Jeder Tag ein Abenteuer

Eintönigkeit ist für die 33-Jährige ein Fremdwort. Auch wenn Carina ähnliche Schichten fährt, bzw. sich Tage wiederholen, die Vielfältigkeit eines jeden Tages ist immer gewährleistet. „Es gibt viele Faktoren, die zusammenkommen und die dafür sorgen, dass kein Tag wie der andere ist. Das beginnt bei den ständig wechselnden Zuggästen und endet beim Wetter. Zum Beispiel ist das Fahren bei Schnee optisch wirklich besonders. Das mag ich sehr, wenn die Landschaft so schön verschneit ist, aber es ist natürlich auch dementsprechend schlüpfriger auf den Schienen und man muss noch etwas vorausschauender und achtsamer fahren als ohnehin schon“, lässt uns die „Eisenbahnerin“ an ihren Erfahrungen teilhaben. Zug-Präferenzen hat Carina keine. „Die Mischung macht´s aus. Bei Güterzügen zum Beispiel transportiert man wesentlich mehr Gewicht, eventuell sogar Gefahrengut. Da muss man schon wissen, wie im Notfall zu reagieren ist, die Checkliste studieren und gegebenenfalls in der Lage sein, die Punkte umsetzen zu können. Es gehören eine gewisse Ruhe und ein guter Überblick dazu.“

Weit weg vom Ruhepuls

Die ersten Schichten, in denen Carina Dilena die Fahrten alleine gemeistert hatte, blieben der Ennstalerin in Erinnerung. „Wenn man so alleine dann in der Lok sitzt und einem klar wird, dass man die Verantwortung für diese Maschine und die Menschen darin jetzt ganz alleine trägt, dann kann es durchaus vorkommen, dass man bei kleineren Störungen, die mit der Zeit einfach ganz normal werden, schon recht nervös wird. Im Umkehrschluss kann ich jetzt sagen, dass ich anfangs das Gefühl hatte, schon immens viel
‚Herausforderndes‘ erlebt zu haben, weil ich eben so nervös war und dadurch etwas fehleranfälliger. Zum Beispiel war da eine Situation gleich am Anfang: An gewissen Stellen wird die Oberleitung des Schienennetzes geteilt, da das Stromnetz von mehreren ‚Unterwerken‘ gespeist wird. Durch den Zwischenraum, der da entsteht, muss man stromlos mit etwas mehr Schwung durchfahren. Bei meiner zweiten Schicht gab es die Situation, dass ich Respekt vorm rechtzeitigen Einbremsen vor dem Signal hatte (lacht). Leider (lächelt wieder) habe ich so stark gebremst, dass ich genau in diesem Bereich zu stehen kam und Kollegen mir helfen mussten, mich von dort wieder wegzubewegen.“

Gelassenheit und eine ruhige und besonnene Herangehensweise sind aus Sicht der Lokführerin zwei Eigenschaften, die sich mit den beruflichen Herausforderungen ausgesprochen gut vertragen. Unvorhergesehene Situationen kann es jederzeit geben. Abgehende Muren, Autos, die bei Bahnkreuzungen auf den Gleisen zu stehen kommen und leider auch Suizide sind nur einige der Situationen, mit denen man beim „Führen“ eines Zuges konfrontiert sein kann. Bis jetzt blieb Carina von derartigen, extremen Umständen jedoch weitgehend verschont.
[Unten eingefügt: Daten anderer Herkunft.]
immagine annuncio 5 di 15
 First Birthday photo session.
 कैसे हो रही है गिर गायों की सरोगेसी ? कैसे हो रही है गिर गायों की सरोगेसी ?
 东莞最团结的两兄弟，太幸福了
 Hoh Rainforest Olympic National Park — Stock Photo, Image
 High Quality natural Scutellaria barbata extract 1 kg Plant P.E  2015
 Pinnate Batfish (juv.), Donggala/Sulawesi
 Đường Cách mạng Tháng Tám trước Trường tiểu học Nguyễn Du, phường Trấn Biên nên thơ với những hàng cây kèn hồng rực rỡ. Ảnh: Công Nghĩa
Vom Unter-, Über- und richtigen Einschätzen

dilena oebb 3Am Stützpunkt in Selzthal sind 105 Lokführer und 3 Lokführerinnen beschäftigt. Warum das für so wenige Frauen in Frage kommt, ist ihr unverständlich. „Ich fühle mich sehr sehr wohl mit dieser Entscheidung. Die ÖBB ist ein sehr guter Arbeitgeber! Die Kollegialität ausgesprochen gut! Also mir fehlt nichts! Was ich im Nachhinein betrachtet schon noch sagen kann, ist, dass die Ausbildung mich extrem gefordert hat. Ich habe wirklich pausenlos gelernt. Die Lernziele wurden in wöchentlichen Überprüfungen kontrolliert und somit hat man auch selbst einen guten Überblick, ob man den Inhalten gewachsen ist. Es ist schon viel. Es ist auch dahingehend vielleicht nicht für jeden was, weil man auch seine Freizeit den Diensten entsprechend gestalten muss. Damit meine ich, dass es halt nicht möglich ist, abends ausgelassen feiern zu gehen, wenn am nächsten Tag ein Dienst ansteht. Aber mich stört das nicht. Ich brauche das nicht unbedingt. Es ist ein Job mit viel Verantwortung, aber es zahlt sich echt aus und ich möchte wirklich mit niemandem tauschen“, ergänzt sie.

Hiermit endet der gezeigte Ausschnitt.